Is the following proof correct?
Proof. Let $R$, $D_*$ and $D^*$ denote the Riemann, lower Darboux, and upper Darboux integrals of $f$ respectively. Fix $\epsilon > 0$ and pick $\delta > 0$ such that $|\mathcal{R}(f,\mathcal{P}) - R| \leq \epsilon/2$ whenever $\Delta(\mathcal{P}) \leq \delta$. Let $a = x_0 < \cdots < x_n = b$ be any (untagged) partition of norm less than or equal to $\delta$. For $i = 1,\ldots,n-1$, let $I_i = [x_{i-1},x_i)$ and let $I_n = [x_{n-1},x_n]$. For each $i = 1,\ldots,n$, let $$ c_i := \sup_{t \in I_i}f(t), $$ and let $g$ be the piecewise constant function taking value $c_i$ on $I_i$ for each $i$.

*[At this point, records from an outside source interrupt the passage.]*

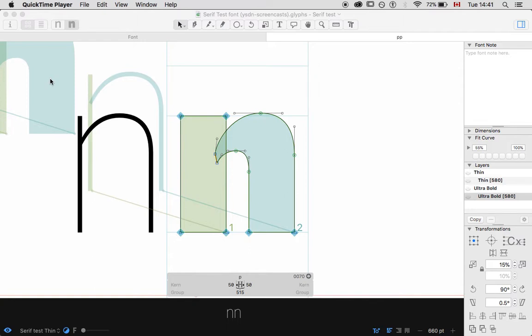Hello, and welcome to another Glyph screencast tutorial for YSDN 3003 Typeface Design. Today's tutorial is going to be on exporting and testing your typeface file. In regards to testing, we'll have talked about this in class, and this is going to be just kind of a demonstration of a how-to. So I won't get into too much of the theory. Remember that it includes things like wanting to be able to export your font so that you can test it in InDesign, in a browser, or in some kind of context.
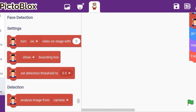Hey guys, welcome to my YouTube channel. In this video we are going to make an expression detection project, which is going to be very exciting. Watch the video till the end, don't skip it otherwise you won't be able to understand. Before watching, do like, subscribe, share, and comment on my channel.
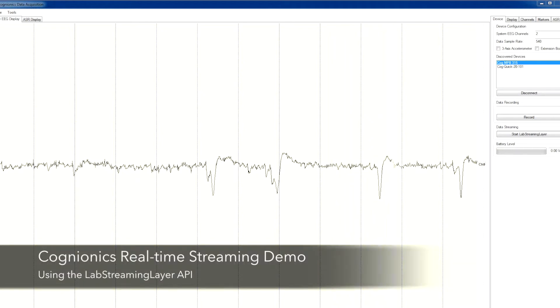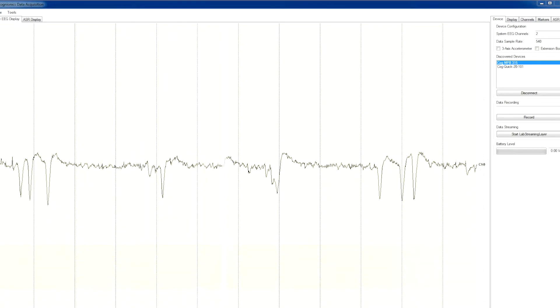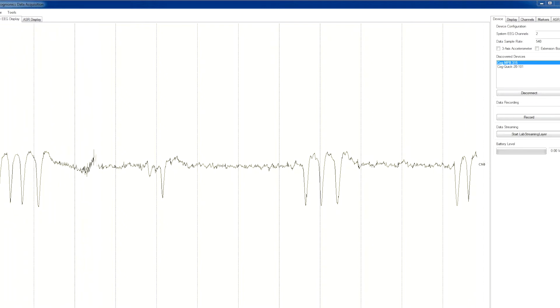This demonstration shows how to access real-time data from a Cognitix system using the Lab Streaming Layer API. Here, we're first displaying the raw data using our acquisition software. Only one EEG channel is used for simplicity.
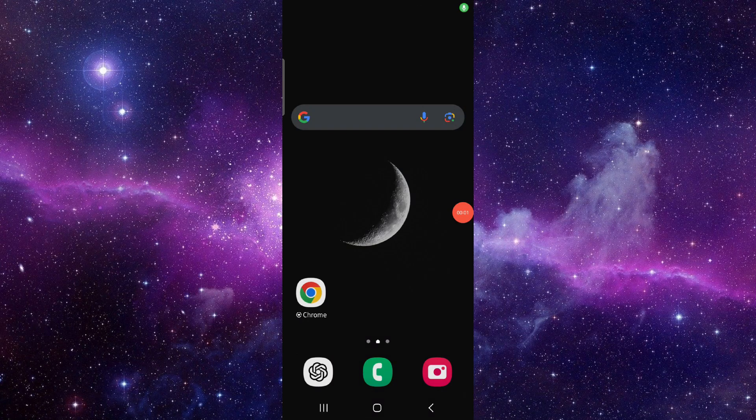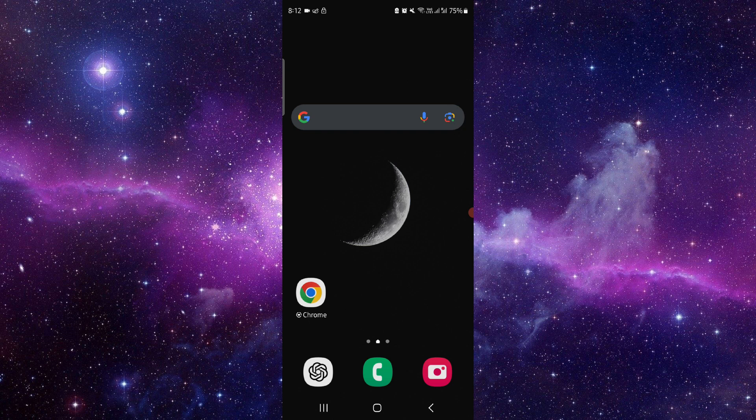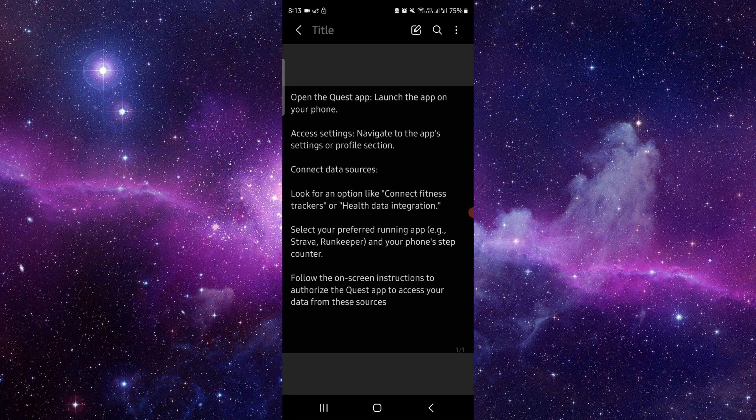Hello and welcome back to my channel. In today's video, I will show you how to connect to the running and steps of the Self Quest app. So let's get started. First, you have to go...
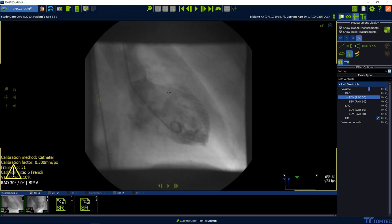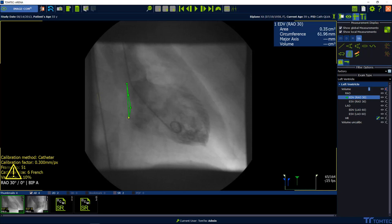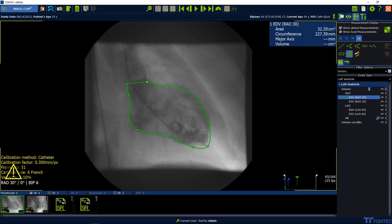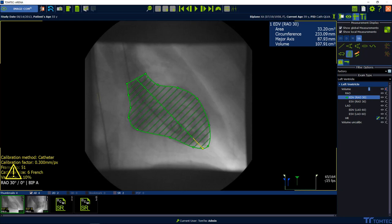Start with the end diastolic volume. Step one: start drawing the contour on one side of the annulus using left mouse clicks. Step two: complete the contour on the opposite side of the annulus using a right mouse click or a double click.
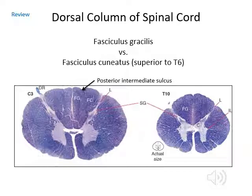We'll start with the dorsal funiculus. Funiculus is another name for a column. The dorsal funiculus is located between the two dorsal gray horns. You have a right and a left dorsal gray horn, so all that white matter in between is the dorsal funiculus, and you have a right and left dorsal funiculus separated by the dorsal median septum.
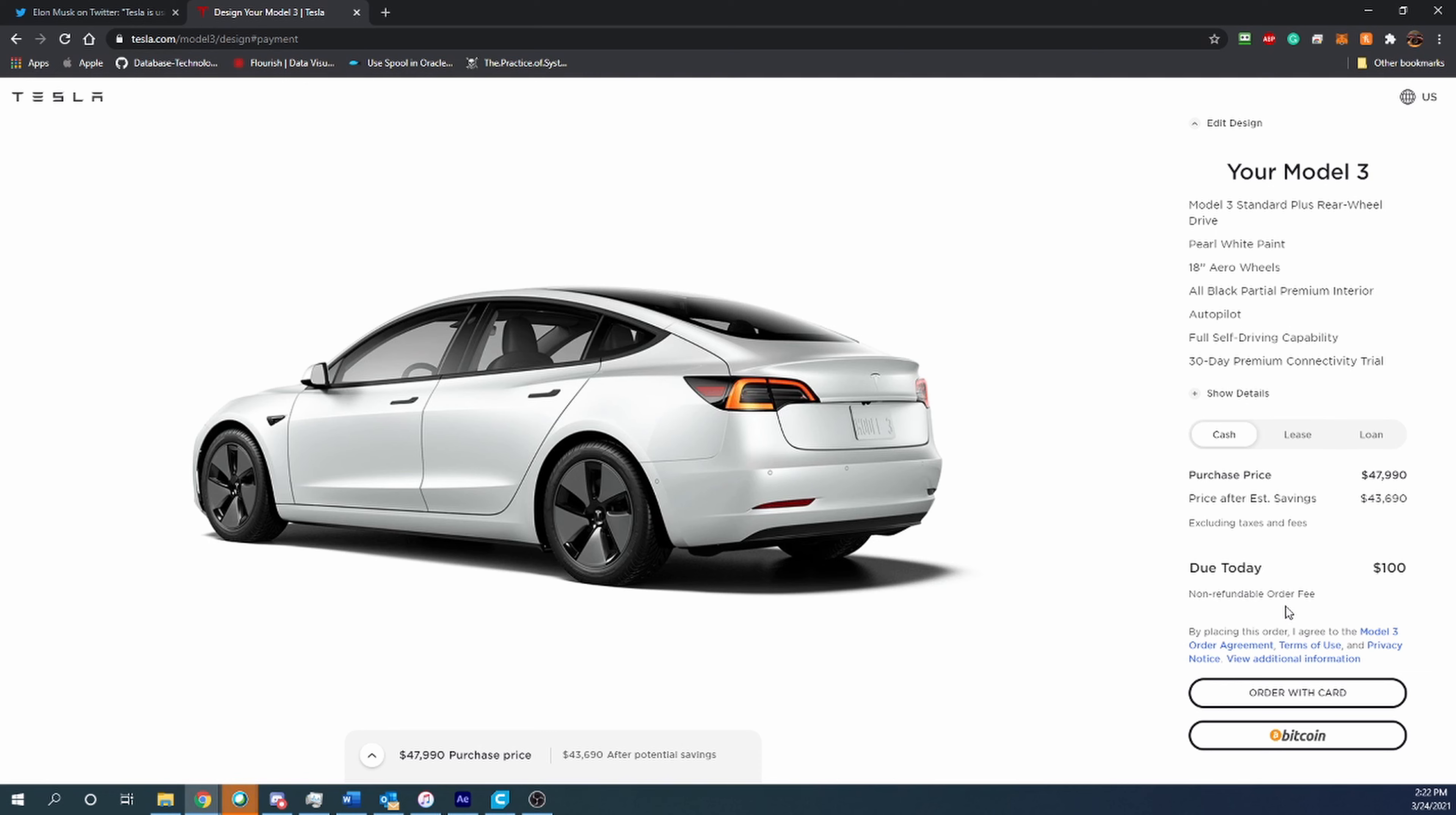I think that Elon Musk allowing this on the website to purchase Teslas is making huge steps for the cryptocurrency community and Bitcoin community to become the next big thing and really get into the traditional financial market. You're able to buy some real things with it now, and something as big and expensive as a car—it's really cool to see this implemented on the Tesla website.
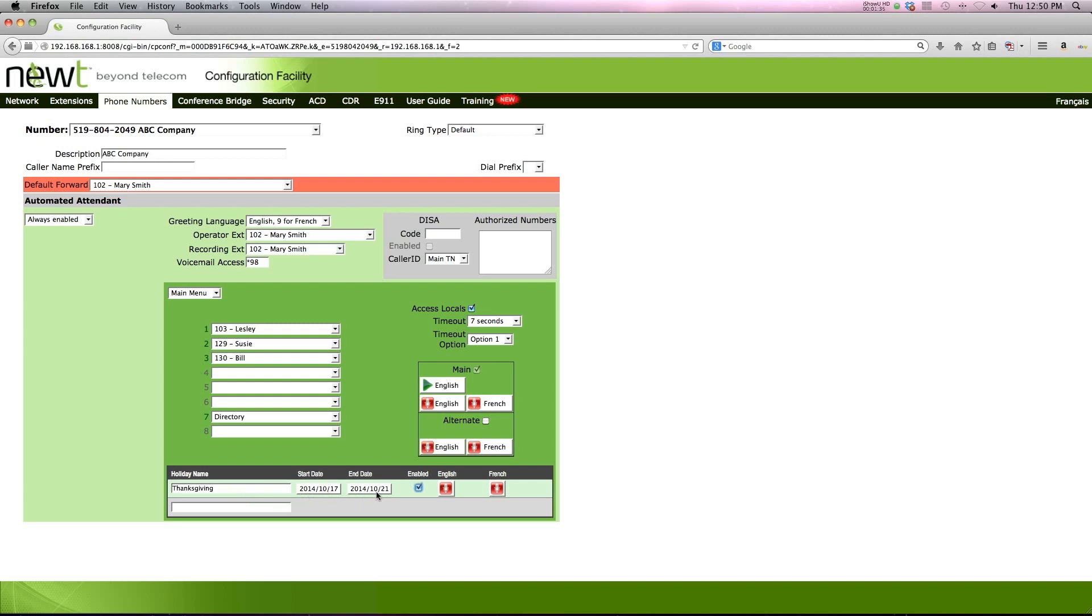In order to add additional holiday names, follow the same information that was provided through this video. This concludes how to set up different holiday configurations for holiday auto attendants.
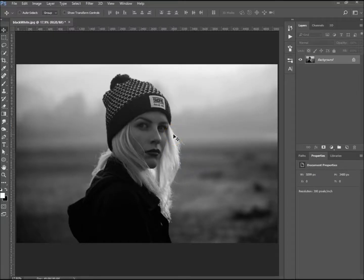Hi, welcome to another tutorial with me. My name is Ivan. In this tutorial I'm going to show you how to color a black and white photo. It's really easy — a lot easier than you think. So let's get started.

Introduce tags for the partition by picking $x_i^*$ for each $i = 1,\ldots,n$ such that $$ f(x_i^*) \geq c_i - \frac{\epsilon}{2(b-a)}. $$ Call the tagged partition $\mathcal{P}$. We then have \begin{align*} \int_a^b g(x)\,dx &= \sum_{i=1}^n c_i |I_i| \\ &\leq \sum_{i=1}^n \left(f(x_i^*) + \frac{\epsilon}{2(b-a)}\right)|I_i| \\ &= \left(\sum_{i=1}^nf(x_i^*)\,\delta x_i\right) + \frac{\epsilon}{2} \\ &= \mathcal{R}(f,\mathcal{P}) + \frac{\epsilon}{2}. \end{align*}
Since $|\mathcal{R}(f,\mathcal{P}) - R| \leq \epsilon/2$, we then have $$ D^* \leq \int_a^b g(x)\,dx \leq \mathcal{R}(f, \mathcal{P}) + \frac{\epsilon}{2} \leq R + \epsilon. $$
Since $\epsilon$ was arbitrary, it follows that $D^* \leq R$. A completely analogous argument gives us $R \leq D_*$, so we have $R \leq D_* \leq D^* \leq R$, which forces equalities all the way through.